La guerre en Ukraine a fait s'envoler le cours du tournesol. Le pays est le premier exportateur mondial de cet oléagineux et représente 50% du commerce mondial du produit. Face à cette situation, les industriels de l'agroalimentaire et des biocarburants n'hésitent pas à modifier leurs recettes et à se tourner vers d'autres huiles.

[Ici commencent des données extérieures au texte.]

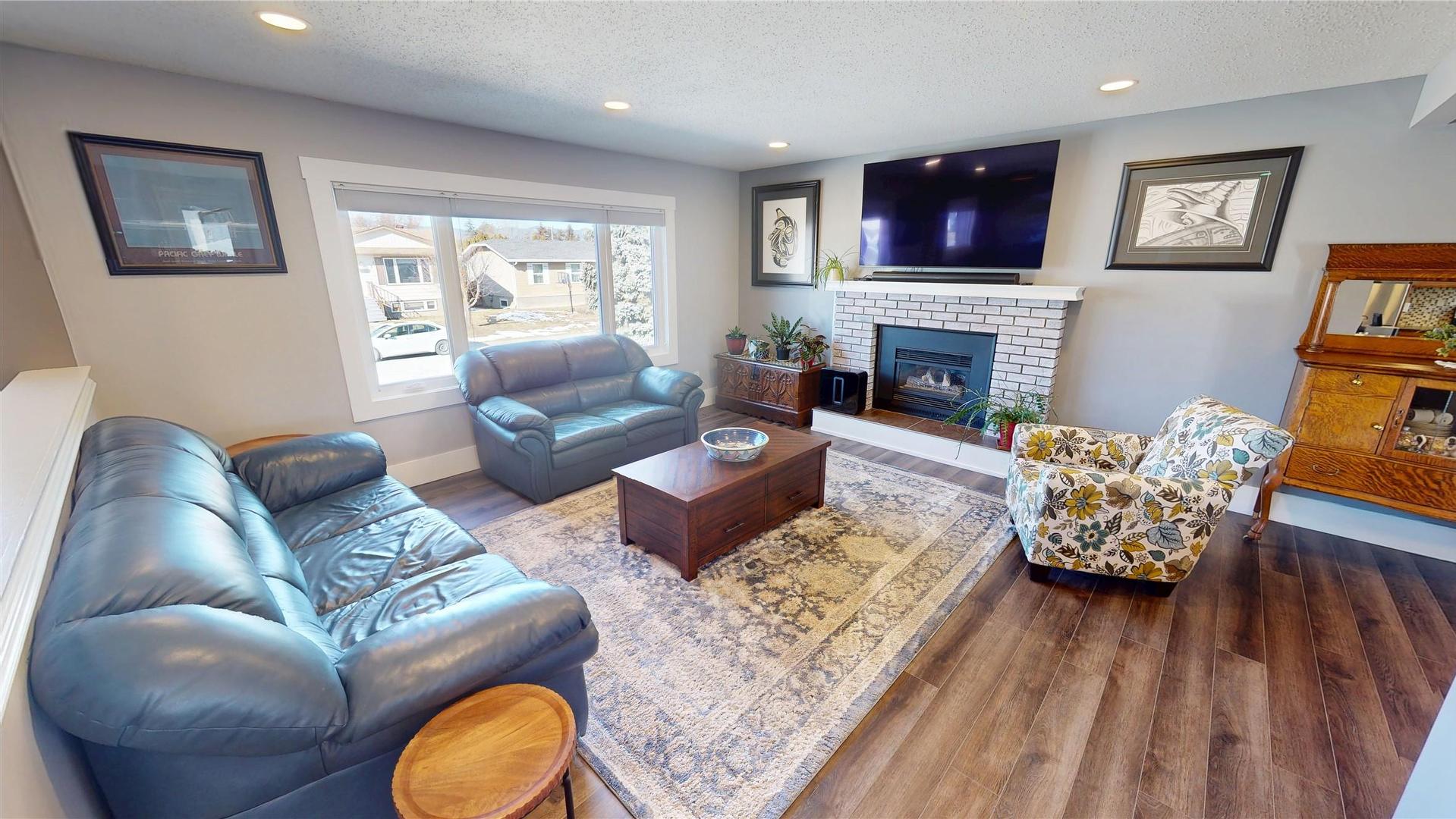 









320


22nd

Avenue,
Cranbrook,




BC
V1C 5K8


Résultat : tous les marchés des oléagineux font face à une hausse vertigineuse de leurs cours. A titre d'exemple, l'huile de soja a enregistré une hausse 16,5% depuis le début du mois d'avril sur le marché américain. Le colza dépasse les 1 000 euros la tonne, un record historique. « Sur nos marchés, toutes les huiles sont interchangeables ou presque. Il est donc normal d'observer une hausse généralisée des cours », observe Antoine de Gasquet, président de Baillon-Intercor, une société de courtage spécialisée dans les corps gras.
Pas de marge de manoeuvre
La décision de l'Indonésie de suspendre les exportations d'huile de palme à compter du 28 avril risque de compliquer encore la situation. Le pays génère 50% de l'offre d'huile de palme et représente un tiers de la production mondiale toutes huiles confondues. Il souhaite éviter que ses producteurs ne se tournent vers l'export, plus rémunérateur, aux dépens du marché local. En Europe, l'huile de palme est largement associée à la déforestation et a été progressivement éliminée des processus de cuisson. Le continent n'en importe que 7,5 millions de tonnes. « Cette décision impactera plus lourdement l'Inde et la Chine, qui sont de gros consommateurs d’oléine de palme concernée par le ban indonésien. Ces pays vont probablement se tourner vers l'huile de soja », anticipe Antoine de Gasquet.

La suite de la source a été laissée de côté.